Measure J funds will speed up construction of several key light rail, subway, and rapid-transit bus lines that will help unclog traffic and connect people from their homes to their jobs. The projects include rail extensions to Los Angeles International Airport, the Eastside, the Westside, and the South Bay, and rapid bus service through the San Fernando Valley. The Green Line - which now ends in Redondo Beach - would be extended into the South Bay by 2020, 15 years earlier than initially promised. The Gold Line eastside extension to San Bernardino County would be completed by 2022 -- 13 years earlier than projected.

Measure J funds will also be used for such traffic relief projects as pothole repairs, signal synchronization, bikeway and pedestrian improvements and projects, local roadway and bridge safety improvements, carpool and rideshare programs, discounted transit fares, and funds to many of the county's 88 cities for local transit services.

LA's transit officials have already demonstrated that they know how to use public funds wisely and efficiently. Since Measure R was passed, L.A. Metro has made progress on the Crenshaw and Exposition rail lines, the Orange Line bus lane extensions, and three highway improvement projects.
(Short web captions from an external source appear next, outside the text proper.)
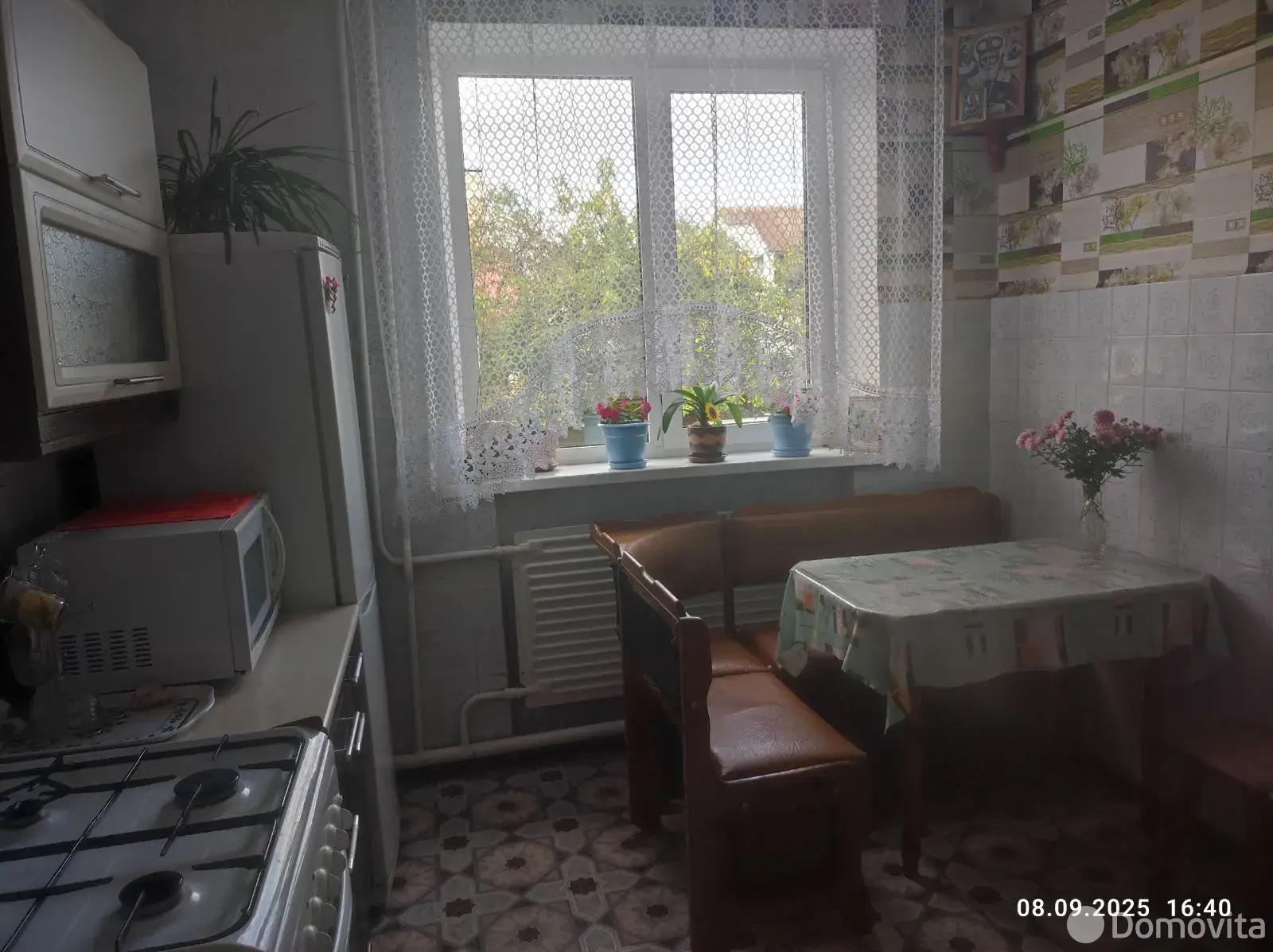 коттедж, Ятвезь, ул. Машиностроителей, д. 8, стоимость продажи 210 616 р.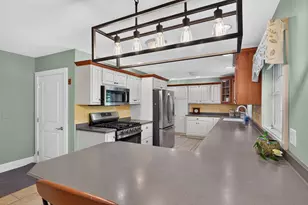 15 Coolidge Ave, Hampden, ME 04444 - Photo 15
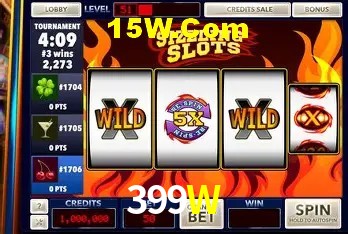 399W,399W Bet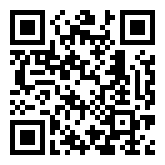 https://www.fou.net/post/105794.html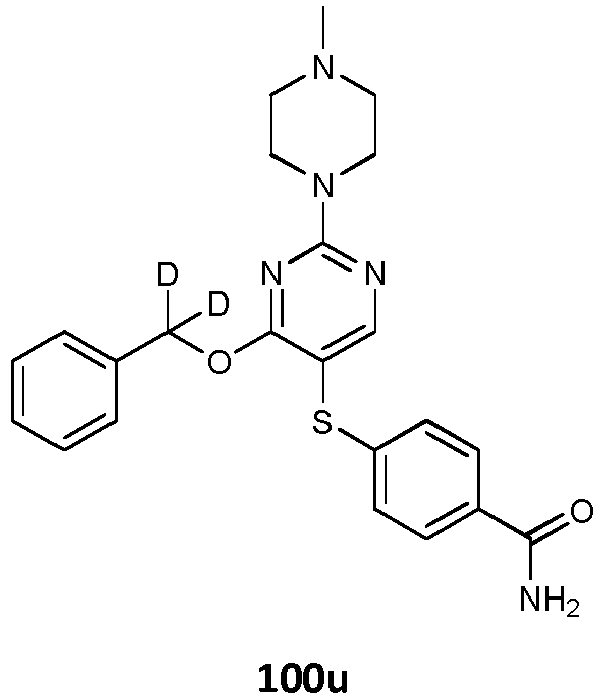 Figure imgb0362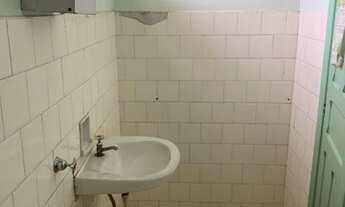 Imagem 6: Ed. Faical Sala B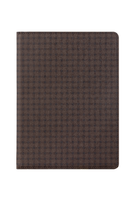 Cafe Gingham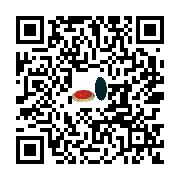 goods qr code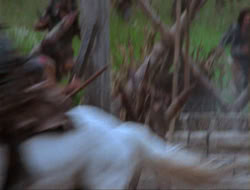 extant_HTLJ_4x14-ArmageddonNowPart2_02606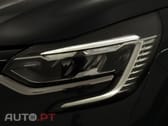 Renault Captur Captur 1.0 TCe Techno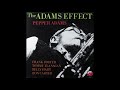Ron Carter  - Now In Our Lives Bonus Track- from The Adams Effect  #roncarterbassist #theadamseffect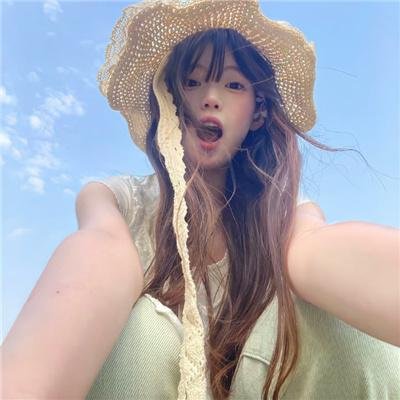 杀人蕃茄回归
Los Angeles vies with Houston as the most polluted urban area in the country as well as one of the most congested, with many motorists sitting in their cars for hours as they inch along during their morning and evening commutes. In addition to Measure J's role as a jobs stimulator, it will also have positive environmental consequences. The subways and light-rail lines built by Measures R and J will be around for more than a century. As future generations become more public transit-friendly, their behavior will help to protect the environment and wean America off foreign oil used to power our cars.

Vote "yes" on Measure J.

Peter Dreier is a professor of politics and chair of the Urban & Environmental Policy Department at Occidental College. His new book, The 100 Greatest Americans of the 20th Century: A Social Justice Hall of Fame, was published by Nation Books in July.